Data excerpt: Begin
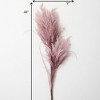 Sullivans Artificial Dried Reed Stem 48"H - 4 of 4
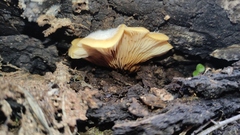 Crepidotus brunswickianus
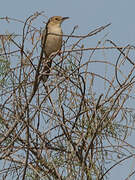 Rufous-winged Cisticola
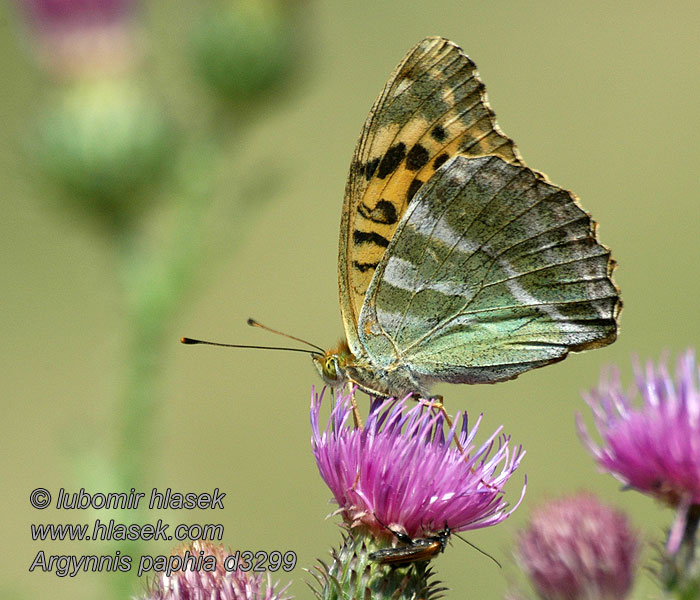 Kejserkåbe Argynnis paphia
Data excerpt: End
Work to be completed =
If pictures appear in the data, omit them and copy all other parts exactly.

Exercise response =
 Sullivans Artificial Dried Reed Stem 48"H - 4 of 4
 Crepidotus brunswickianus
 Rufous-winged Cisticola
 Kejserkåbe Argynnis paphia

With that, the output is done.